Posted on December 6, 2018

On the surface, the proposed dredging of the Grand River from Grand Rapids to Eastmanville sounds like a good idea. How cool would it be to open up the river to big boat traffic through a navigable waterway?

But when you dive into it deeper and start to think about the reality of such a thing, the economic and environmental impacts, the idea sinks to the muck like a lead buoy.

Last month, Grand Haven City Manager Pat McGinnis told the City Council that a group called the Grand River Waterway recently commissioned a study on the economic impact of dredging a 23-mile stretch of the river, from the Fulton Street Bridge in downtown Grand Rapids to the Bass River Inlet near Eastmanville. It would be 50 feet wide and 7 feet deep.

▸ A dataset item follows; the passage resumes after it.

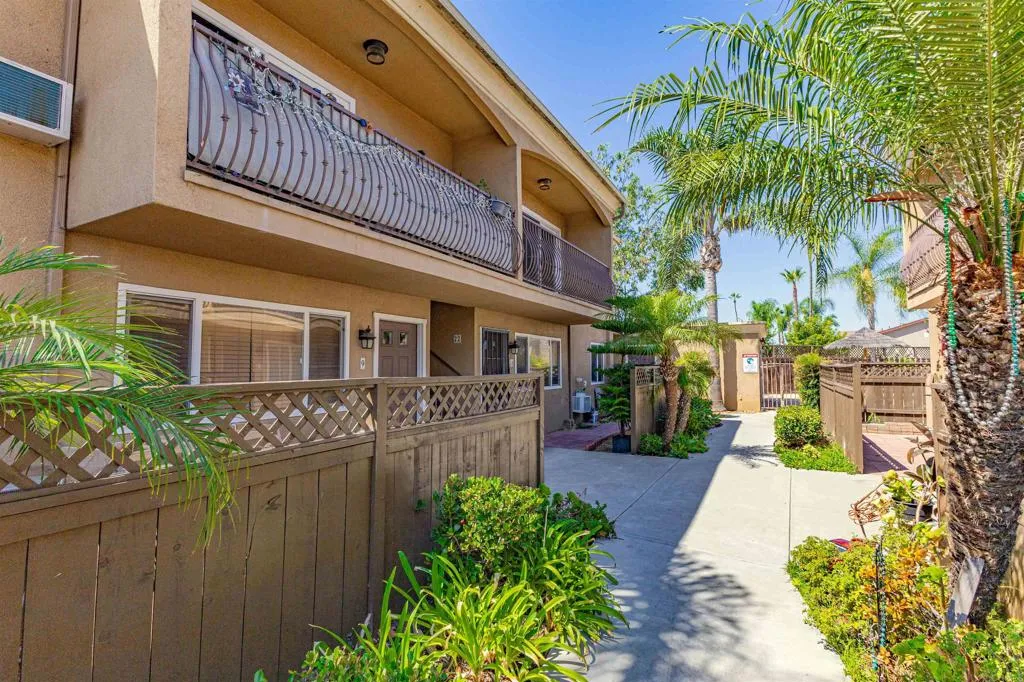 https://cdn.realtyfeed.com/cdn/127/306451349/46b8e993006ae5abaa619d6da1310a54.webp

According to the study by the Anderson Economic Group LLC, such a project would result in up to $5.7 million in additional tourism spending each year and increase property values along the river.

Maybe so, but what would it cost to dredge 23 miles of the river? Our guess is that it would be a lot. And it would likely have to be done every year or two.

Who will pay for it? Look in the mirror.

It takes a lot of money to dredge nearly a mile of the channel between Lake Michigan and the drawbridge to allow those big freighters in to deliver coal to the power plant and materials to the big docks. In 2017, the last time Grand Haven’s outer harbor was dredged, the U.S. Army Corps of Engineers awarded a $208,000 contract to dig up 35,000 cubic yards from the river bottom and deposit it on the shore.

The Grand River Waterway study estimates the 23-mile stretch upriver that they propose for dredging will be about three times as much material. And the dredging area is nearly 25 times longer.

Economics aside, what are the potential environmental impacts of dredging that much river?

Digging up all that sediment from the river bottom could disturb who-knows-what. McGinnis said there could be contamination lurking beneath the first few inches of sediment and extensive sampling would be required to prevent a public health risk.

“We’ve only recently discovered the PFAS calamity,” the city manager said. “There is likely other concerns in the 100 years of industrial sediment beneath the riverbed.”

Grand Haven leaders are also concerned about flooding, threats to existing wetlands, wakes created by powerboats and keeping recently improved water trails along the river safe for kayakers. We’re also concerned what it would do to fishing.

“We have been trying to market this corridor as a natural destination for ecotourism,” McGinnis said. “Are we going to abandon this approach in favor of waterskiing and pedal pubs?”

The city is so far not taking a stance against the plans to dredge the river, McGinnis said, but they are looking for more information to prepare for such an undertaking.

That’s OK. Keeping an open mind is what we ask of our governmental leaders. But we are still skeptical that this idea has the ability to float.